BRIEF: Below are records; extract exactly the lines from the one with "ぴちぴちピッチ　マイク　当時品　イーカラ　カートリッジ全種セット　イーカラ" through the final line, including both, but drop the pictures.

Web page caption snippets:
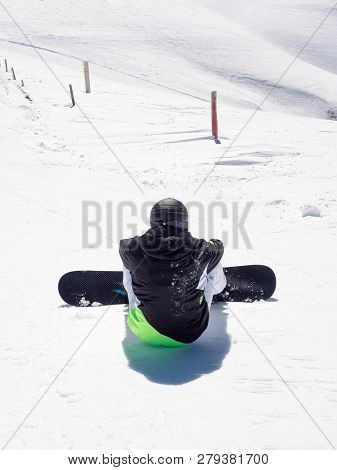 Snowboarder In Kalavrita Ski Center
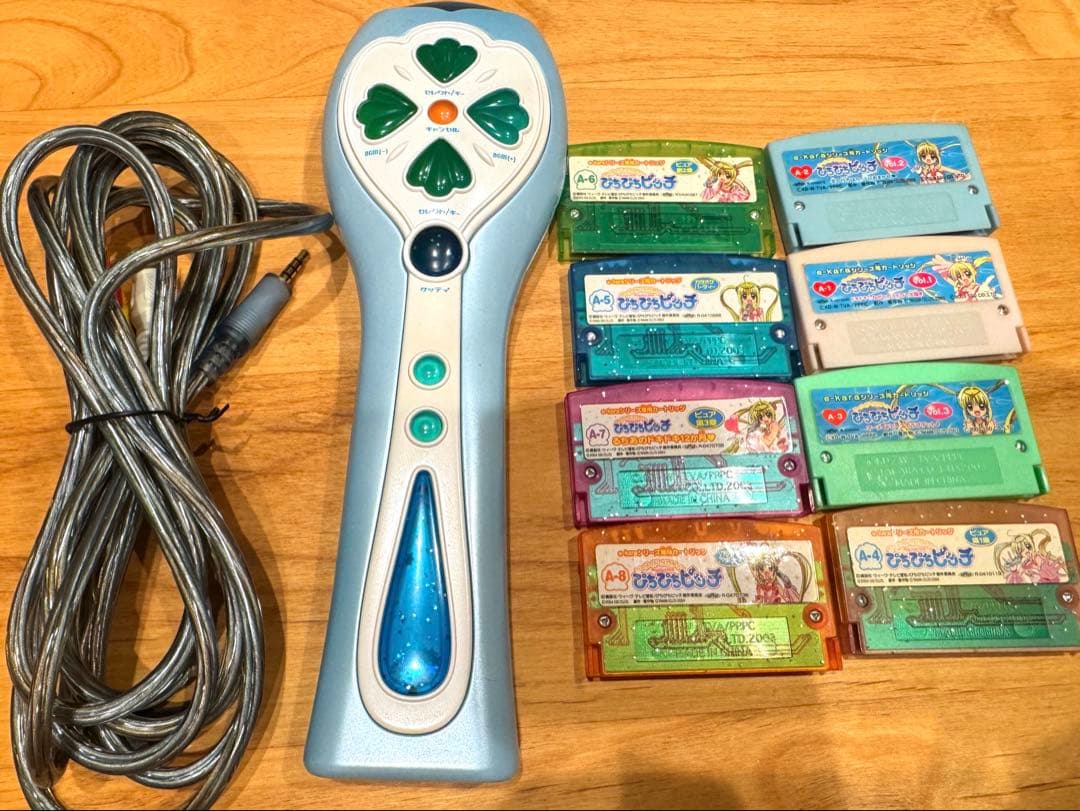 ぴちぴちピッチ　マイク　当時品　イーカラ　カートリッジ全種セット　イーカラ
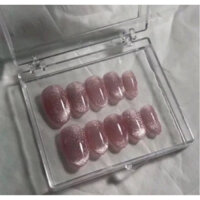 [nailbox bee ] Móng tay giả thiết kế theo size sơn gel mắt mèo nhiều màu
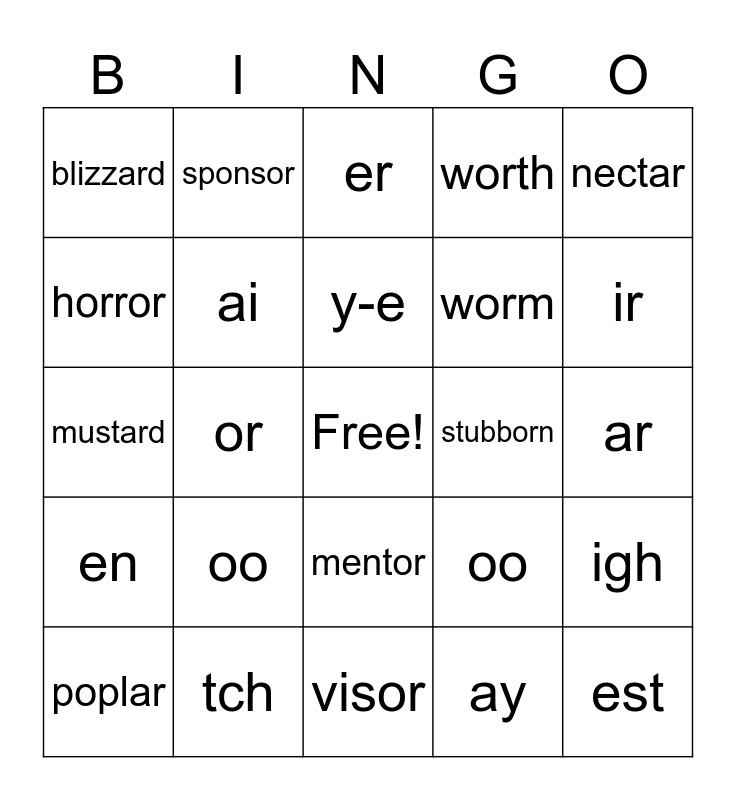 Volume 3 Lesson 1-13 Bingo Card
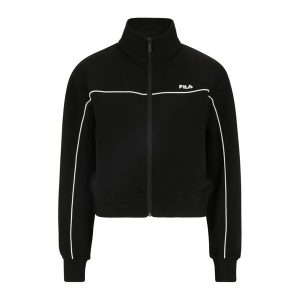 Bluza damska FILA Lauka Blocked Track. Czarne bluzy Fila, m, bez wzorów, bez kaptura. Za 169,99 zł.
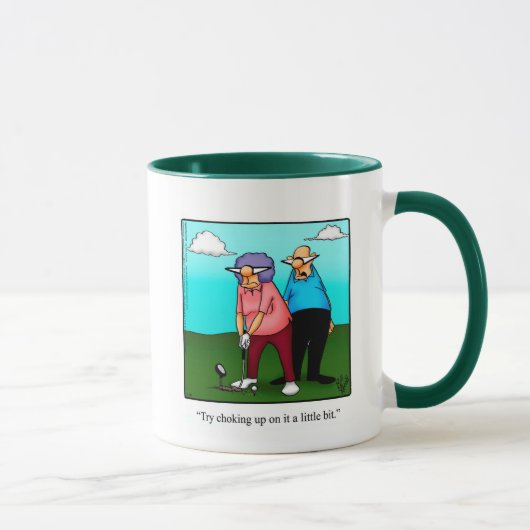 Golf Humor koffie Mok voor haar (Rechts)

ANSWER TO THIS TASK:
 ぴちぴちピッチ　マイク　当時品　イーカラ　カートリッジ全種セット　イーカラ
 [nailbox bee ] Móng tay giả thiết kế theo size sơn gel mắt mèo nhiều màu
 Volume 3 Lesson 1-13 Bingo Card
 Bluza damska FILA Lauka Blocked Track. Czarne bluzy Fila, m, bez wzorów, bez kaptura. Za 169,99 zł.
 Golf Humor koffie Mok voor haar (Rechts)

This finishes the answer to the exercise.